[Problem details]: Write back every line of the listing exactly, excluding images.

[Source data]:

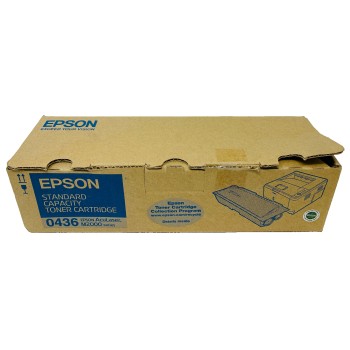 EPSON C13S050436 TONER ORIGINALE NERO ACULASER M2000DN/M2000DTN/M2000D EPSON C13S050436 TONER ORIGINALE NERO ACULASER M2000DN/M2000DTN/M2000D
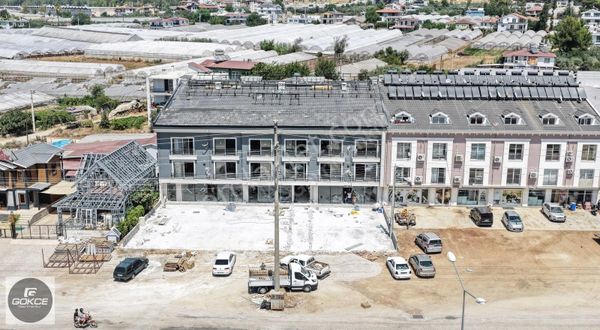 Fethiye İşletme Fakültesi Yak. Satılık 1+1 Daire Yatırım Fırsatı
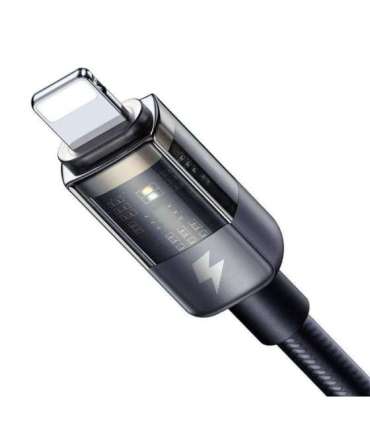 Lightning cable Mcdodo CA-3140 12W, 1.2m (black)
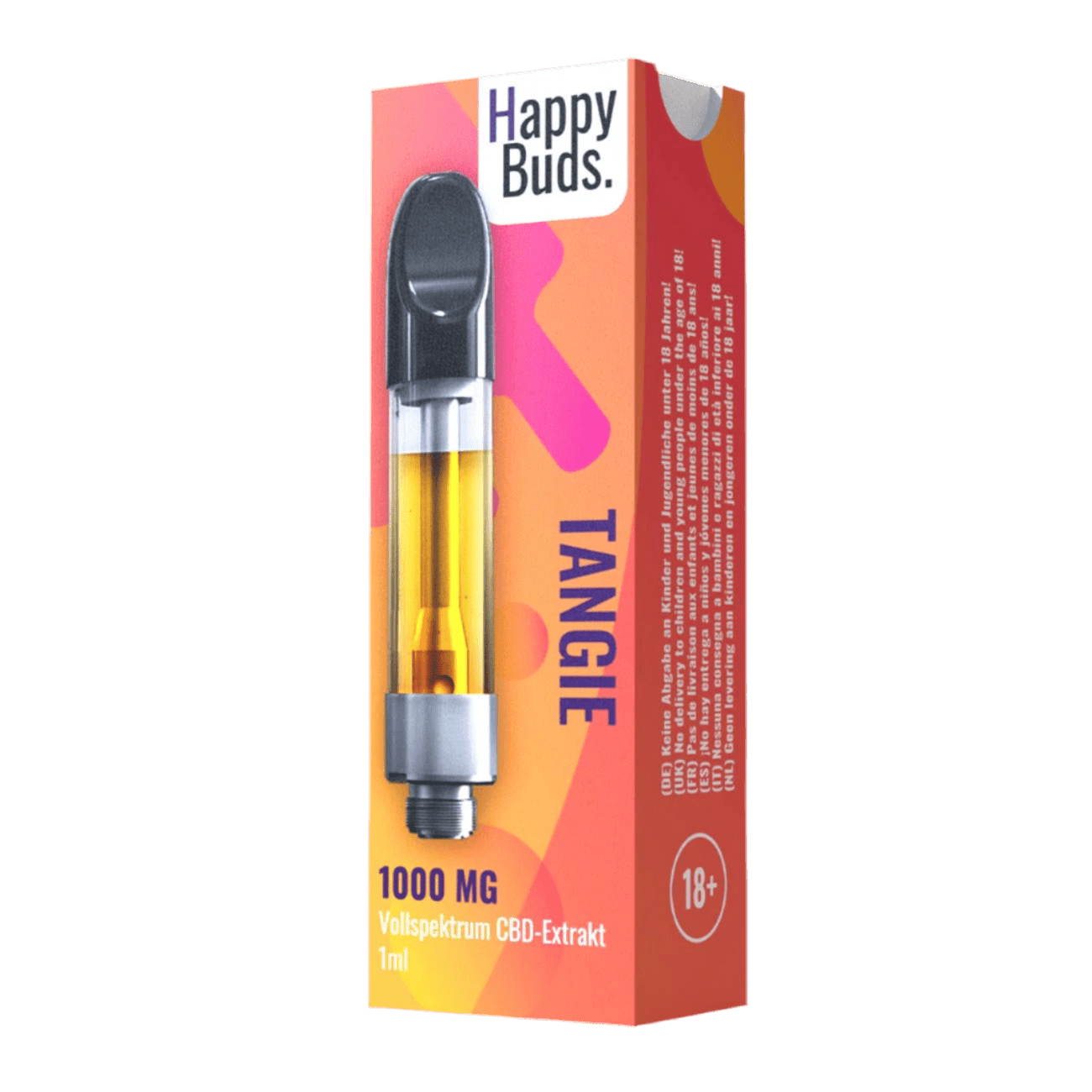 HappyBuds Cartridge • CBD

[Output for this exercise]:
 EPSON C13S050436 TONER ORIGINALE NERO ACULASER M2000DN/M2000DTN/M2000D EPSON C13S050436 TONER ORIGINALE NERO ACULASER M2000DN/M2000DTN/M2000D
 Fethiye İşletme Fakültesi Yak. Satılık 1+1 Daire Yatırım Fırsatı
 Lightning cable Mcdodo CA-3140 12W, 1.2m (black)
 HappyBuds Cartridge • CBD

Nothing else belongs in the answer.